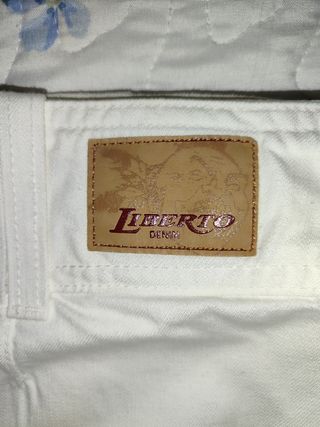 Minifalda blanca Liberto talla M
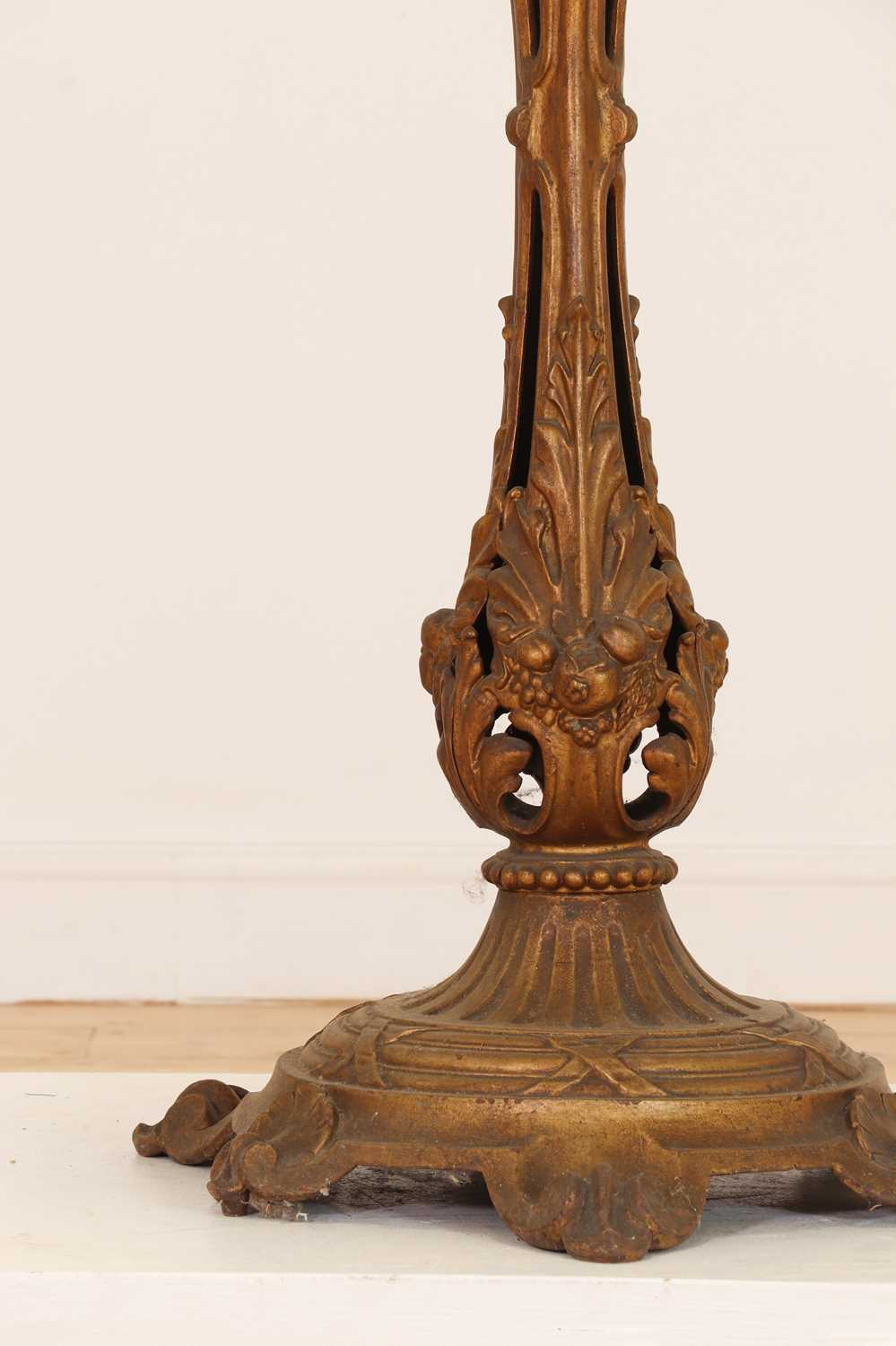 A grand-tour-style bronze and marble occasional table, - Image 13 of 27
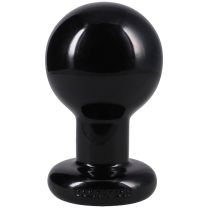 The Classic Round Butt Plug Large Black
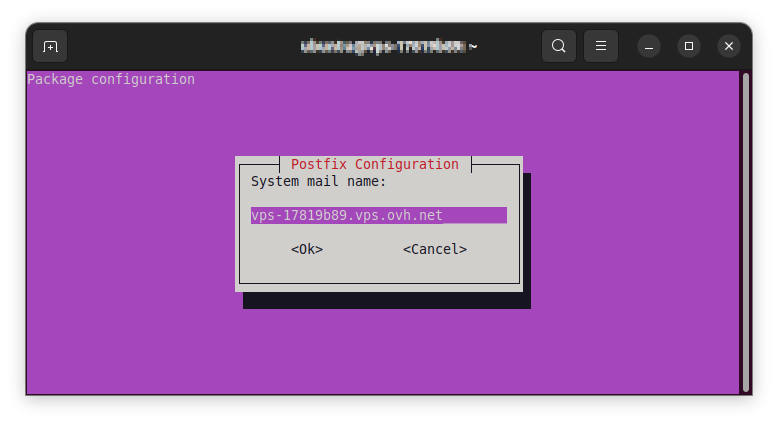Postfix - konfiguracja nazwy hosta
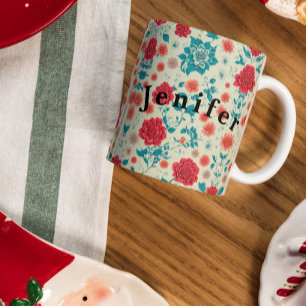 Seamless Patterns Design Fabric Art Coffee Mug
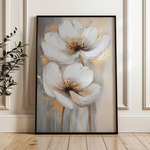 Floral 1433 Canvas Art 60 x 40 cm / Black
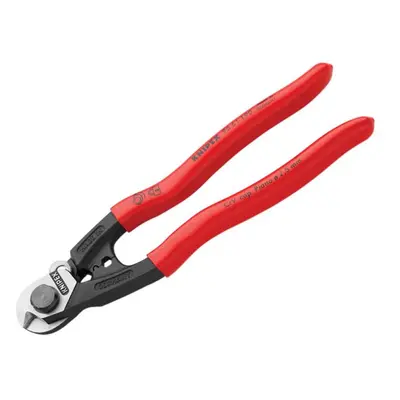 Knipex 95 61 190 SB Wire Rope/Bowden Cable Cutter Pvc Grip 190Mm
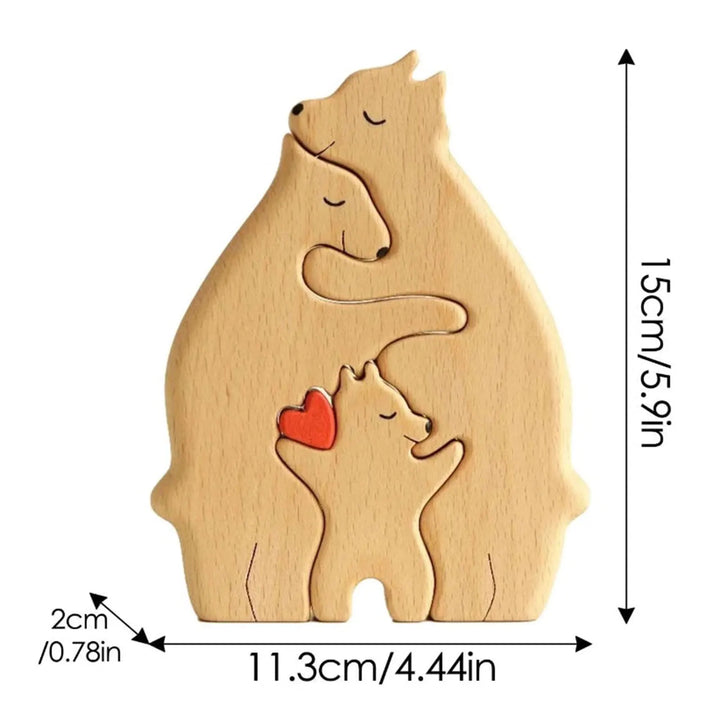 Loving Bears SammenkoSkantoede Puslespill Dekor | Skanto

========

**REQUIREMENT**.
Give back each entry exactly as it appears. Leave pictures out.

**EXERCISE ANSWER**.
 Minifalda blanca Liberto talla M
 A grand-tour-style bronze and marble occasional table, - Image 13 of 27
 The Classic Round Butt Plug Large Black
Postfix - konfiguracja nazwy hosta
 Seamless Patterns Design Fabric Art Coffee Mug
 Floral 1433 Canvas Art 60 x 40 cm / Black
 Knipex 95 61 190 SB Wire Rope/Bowden Cable Cutter Pvc Grip 190Mm
 Loving Bears SammenkoSkantoede Puslespill Dekor | Skanto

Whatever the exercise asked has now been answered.